What Was Thought To Be 5.3 Magnitude Earthquake Turns Out To Be North Korea’s Biggest Nuclear Warhead Test

What was initially thought to be a 5.3-magnitude earthquake turned out to be even more terrifying. On Friday, North Korea tested and detonated their most powerful nuclear warhead to date.

Despite what will definitely bring consequences from the rest of the world, Pyongyang confirmed and boasted about their most recent nuclear test.

North Korean state-run media said the following about their latest test:

“Finally examined and confirmed the structure and specific features of movement of (a) nuclear warhead that has been standardized to be able to be mounted on strategic ballistic rockets.

The standardization of the nuclear warhead will enable (North Korea) to produce at will and as many as it wants a variety of smaller, lighter and diversified nuclear warheads of higher strike power. This has definitely put on a higher level (the North’s) technology of mounting nuclear warheads on ballistic rockets.”

This latest test put the world on alarm because this was the country’s biggest nuclear test. The was North Korea’s fifth and most powerful nuclear detonation. South Korea’s weather agency said the explosive yield of the blast would have been 10 to 12 kilotons, or 70 to 80 percent of the force of the 15-kiloton atomic bomb the United States dropped on the Japanese city of Hiroshima in 1945. North Korea’s fourth test was an estimated six kilotons. January’s 5.1 magnitude earthquake in the same area is believed to be an enhanced fission weapon and not a true hydrogen bomb.

North Korea is already heavily sanctioned by the worldwide community and conducted the test knowing full well that there will be repercussions for their latest transgression.

South Korean President Park Geun-hye said the nuclear test showed the “fanatic recklessness of the Kim Jong-un government as it clings to nuclear development.” South Korea said it will utilize all available measures to put even more pressure on North Korea. “The only thing that Kim Jong Un regime can gain from the nuclear tests is stronger sanctions from the international community and its isolation. Such provocation will eventually hasten its path to self-destruction,” Park said in a statement.

Japanese Chief Cabinet Secretary Yoshihide Suga called North Korea an “outlaw nation in the neighborhood” and said his country will consider escalating sanctions against Pyongyang. Japan has already called for an emergency meeting of the United Nations Security Council to consider a unified response.

President Barack Obama said North Korea’s provocations would have “serious consequences” and that the U.S. is committed to the security of its allies in Asia and around the world.

China’s Foreign Ministry Spokeswoman Hua Chunying condemned North Korea’s actions and said it was an act to destabilize relations on the Korean Peninsula. However, China also placed blamed on the United States deploying an advanced missile defense system in South Korea, and called for “all sides” to stop “adding oil to the flames.”
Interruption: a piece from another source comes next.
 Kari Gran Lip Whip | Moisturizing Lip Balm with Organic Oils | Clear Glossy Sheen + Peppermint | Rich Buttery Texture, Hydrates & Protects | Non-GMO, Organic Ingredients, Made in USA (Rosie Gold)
Jeffrey Lewis, the director of the east Asia non-proliferation program at the Middlebury Institute of International Studies at Monterey, said the latest nuclear test was probably a smaller, more versatile device than the one in January.
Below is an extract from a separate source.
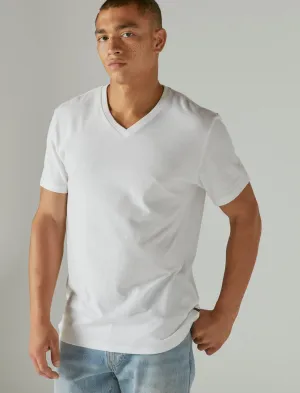 Lucky Brand Venice Burnout Vee-Neck Tee Bright White Lucky Brand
“I wouldn’t call this miniaturized. I would call it a compact device, small enough to go on a missile. I think they used both plutonium and highly enriched uranium so that they can stretch their plutonium stockpile and get a 20 to 30 kiloton yield and build more weapons than we thought,” Lewis said.
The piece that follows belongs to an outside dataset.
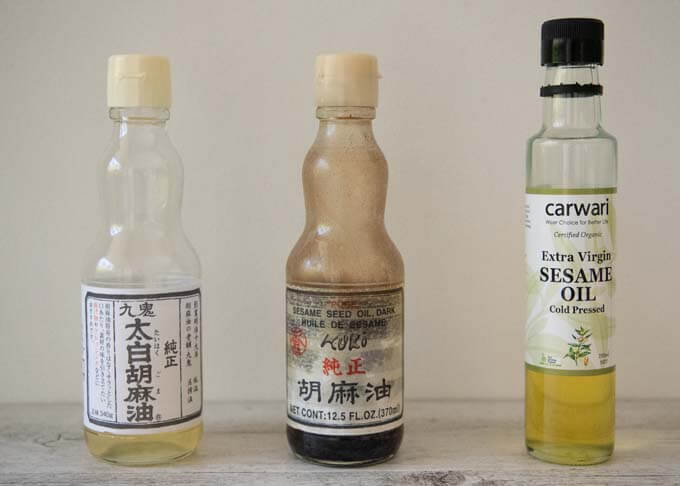 Three kinds of sesame oil.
Kelsey Davenport, the director for non-proliferation policy at the Arms Control Association, weighed in on the threat of a nuclear attack from North Korea.

“All this activity is aimed at expanding the size of North Korea’s nuclear arsenal and expanding its delivery options,” Davenport said. “It is taking steps to quality-improve its missiles, using solid fuel so they can be deployed more quickly, and extending their range. The trajectory points to a growing North Korean nuclear threat and the next US administration will have to prioritize that threat.”

“It is likely now that North Korea could at this point put a nuclear warhead on a short- or medium-range missile which could reach South Korea, Japan and US military installations in the region,” Davenport told CNN.

However, she also believes that it will take another decade before North Korea can develop a reliable intercontinental ballistic missile capable of reaching the United States.